**Provided records**

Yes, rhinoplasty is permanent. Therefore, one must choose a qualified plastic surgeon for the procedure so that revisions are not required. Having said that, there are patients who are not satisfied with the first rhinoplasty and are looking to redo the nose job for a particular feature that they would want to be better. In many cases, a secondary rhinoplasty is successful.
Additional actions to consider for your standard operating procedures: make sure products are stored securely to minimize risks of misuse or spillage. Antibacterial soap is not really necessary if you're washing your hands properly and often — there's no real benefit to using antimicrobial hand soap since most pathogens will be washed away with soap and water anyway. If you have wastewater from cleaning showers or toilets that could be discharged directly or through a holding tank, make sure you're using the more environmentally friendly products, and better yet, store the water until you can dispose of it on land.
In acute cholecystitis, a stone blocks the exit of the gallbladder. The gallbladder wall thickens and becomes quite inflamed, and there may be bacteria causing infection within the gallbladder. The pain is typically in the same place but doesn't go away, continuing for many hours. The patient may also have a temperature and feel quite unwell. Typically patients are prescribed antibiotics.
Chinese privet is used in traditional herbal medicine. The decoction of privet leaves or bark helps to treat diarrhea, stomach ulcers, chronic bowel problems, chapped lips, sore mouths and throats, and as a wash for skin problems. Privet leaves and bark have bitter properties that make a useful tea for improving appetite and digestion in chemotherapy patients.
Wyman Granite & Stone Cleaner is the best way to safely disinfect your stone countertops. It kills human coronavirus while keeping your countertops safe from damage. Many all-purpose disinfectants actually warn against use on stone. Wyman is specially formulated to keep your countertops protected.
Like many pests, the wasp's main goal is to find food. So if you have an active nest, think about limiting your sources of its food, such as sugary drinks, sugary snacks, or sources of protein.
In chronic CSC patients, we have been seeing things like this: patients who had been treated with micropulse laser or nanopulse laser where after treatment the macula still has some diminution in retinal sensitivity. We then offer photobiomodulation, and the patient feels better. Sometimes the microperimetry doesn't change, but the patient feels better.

---

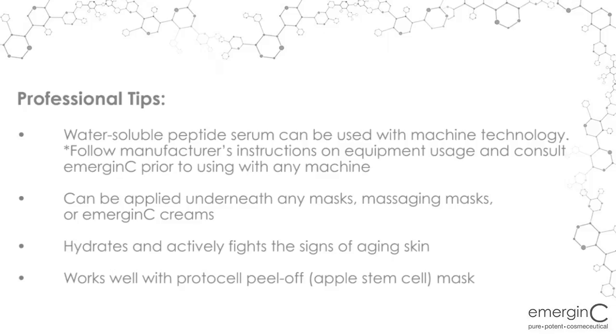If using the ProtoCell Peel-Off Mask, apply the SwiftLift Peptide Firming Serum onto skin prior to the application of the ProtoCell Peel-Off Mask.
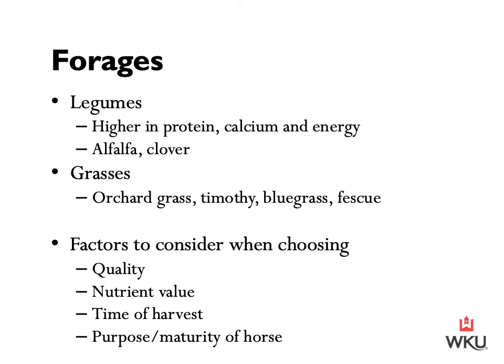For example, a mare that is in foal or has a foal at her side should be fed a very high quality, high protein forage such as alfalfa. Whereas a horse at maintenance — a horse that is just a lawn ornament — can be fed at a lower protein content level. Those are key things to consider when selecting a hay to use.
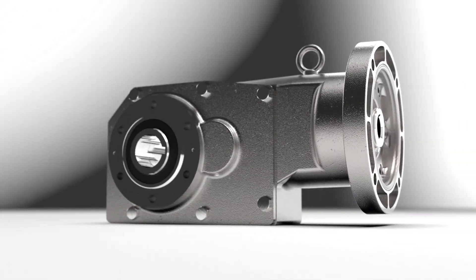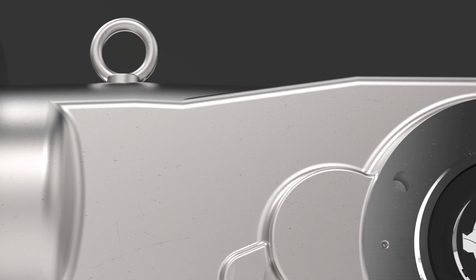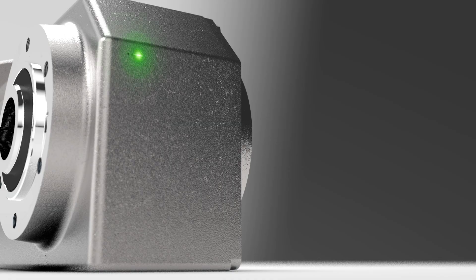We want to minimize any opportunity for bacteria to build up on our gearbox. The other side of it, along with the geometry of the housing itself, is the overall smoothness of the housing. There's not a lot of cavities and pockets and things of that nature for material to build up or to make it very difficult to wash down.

**Task objective**
Each line in the listing above from the one containing "Wyman Granite &" through the one containing "In chronic CSC" should be repeated exactly, and no other line.

**Answer section**
Wyman Granite & Stone Cleaner is the best way to safely disinfect your stone countertops. It kills human coronavirus while keeping your countertops safe from damage. Many all-purpose disinfectants actually warn against use on stone. Wyman is specially formulated to keep your countertops protected.
Like many pests, the wasp's main goal is to find food. So if you have an active nest, think about limiting your sources of its food, such as sugary drinks, sugary snacks, or sources of protein.
In chronic CSC patients, we have been seeing things like this: patients who had been treated with micropulse laser or nanopulse laser where after treatment the macula still has some diminution in retinal sensitivity. We then offer photobiomodulation, and the patient feels better. Sometimes the microperimetry doesn't change, but the patient feels better.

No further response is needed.